The former New York City Mayor today announced Beyond Carbon, which he described as the largest coordinated campaign to tackle climate change ever undertaken in the U.S., backing the effort with a half a billion dollar donation.
Michael Bloomberg
The campaign will push the U.S. towards 100 percent clean power by working with advocates around the country, as well as states, cities and regions. Bloomberg argued such a campaign was essential as "there is virtually no hope of bold federal action on this issue for at least another two years" while President Trump is in office.
Trump has pledged to pull the U.S. out of the global Paris Agreement on climate change and has repeatedly voiced his support for coal power, despite its declining economic fortunes and significant carbon impact.
However, with 289 of 530 coal plants having already closed in the U.S. - more than half of the entire fleet - Beyond Carbon is aiming to have the remainder shut down by 2030 while also opposing any attempt to build new coal facilities.
The move follows calls last month from UN Secretary General Antonio Guterres for countries around the world to stop building new coal plants after 2020 in order to combat climate breakdown.
Moreover, while focusing primarily on coal power in the short term, the new campaign will also look to extend its efforts towards ending reliance on other fossil fuels in the U.S., such as by working to prevent construction of new gas plants.
"Mother Nature is not waiting on our political calendar, and neither can we," Bloomberg said. "Beyond Carbon will respond to this crisis with the urgency and ambition that it requires, by taking the fight to the states and turbo-charging current on-the-ground efforts.

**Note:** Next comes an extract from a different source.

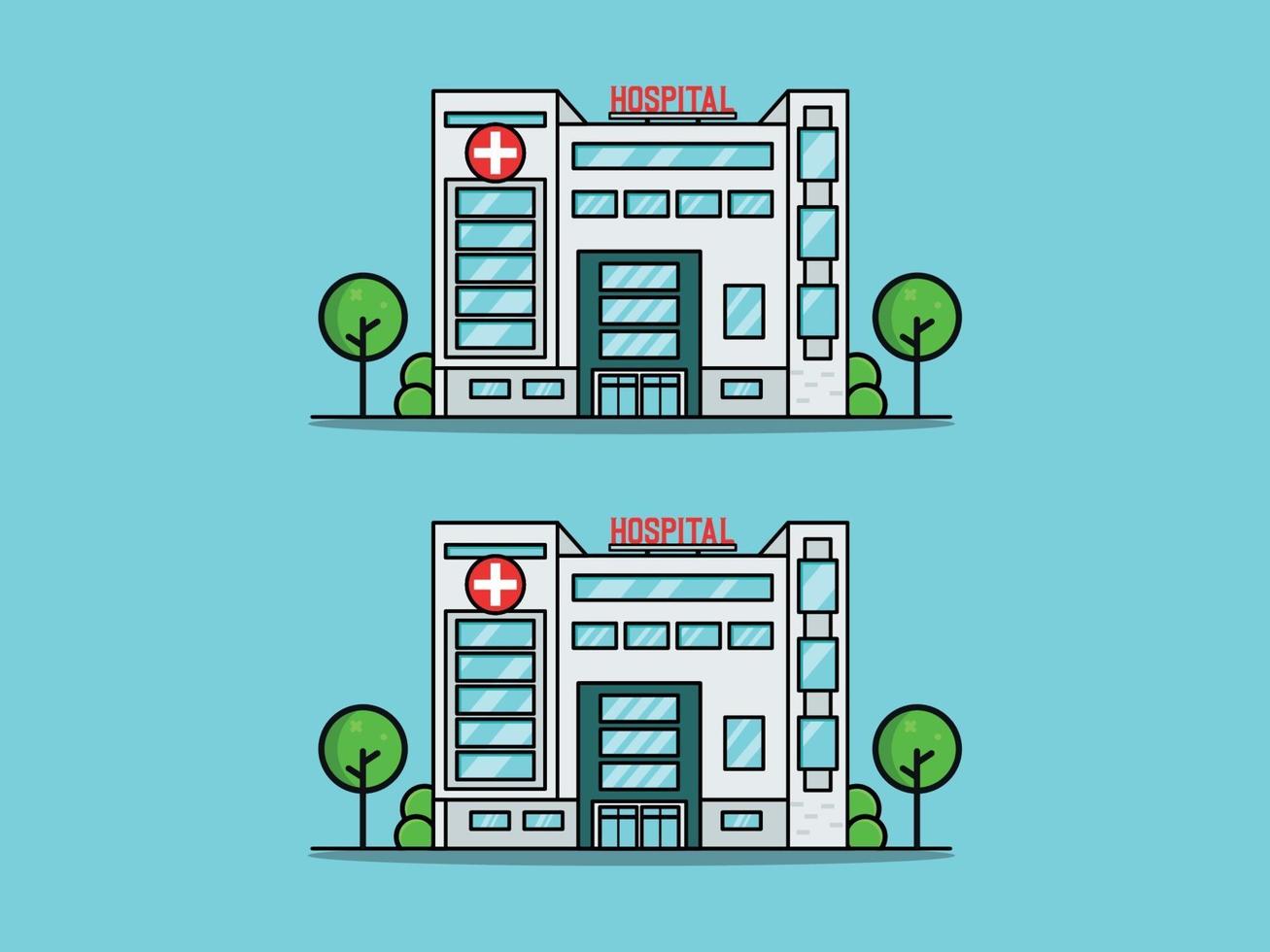 Hospital Building Isometric vector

We will employ the same advocacy, legal, and electoral strategies that have proven so successful in retiring coal-fired power plants - which we have continued to close at the same fast rate under this administration as we did under the previous one - and also in passing gun safety background check laws in states around the country."
Bloomberg said the campaign would focus on working with state on local organisers to pass climate and clean energy laws, targets and timetables, as well as programmes to boost the uptake of low carbon transport such as electric vehicles. Other areas of focus for local action noted by the campaign include pushing for low carbon buildings and promoting green manufacturing.
"This campaign will ensure that after the 2020 election, the next administration inherits a country on its way to a 100 percent clean energy economy," added Bloomberg.
Beyond Carbon is the latest in a long line of climate efforts from the billionaire philanthropist, who is also a UN special envoy for climate action, chair of the Task Force on Climate-related Financial Disclosures (TCFD). Earlier this year he also launched a new joint initiative aimed at rapidly mobilising increased levels of private capital for tackling climate change.
It follows the announcement yesterday from French bank Crédit Agricole - one of the world's largest financial institutions - that it will align its activities with the Paris Agreement and stop investing in thermal coal production in EU and OECD countries by 2030.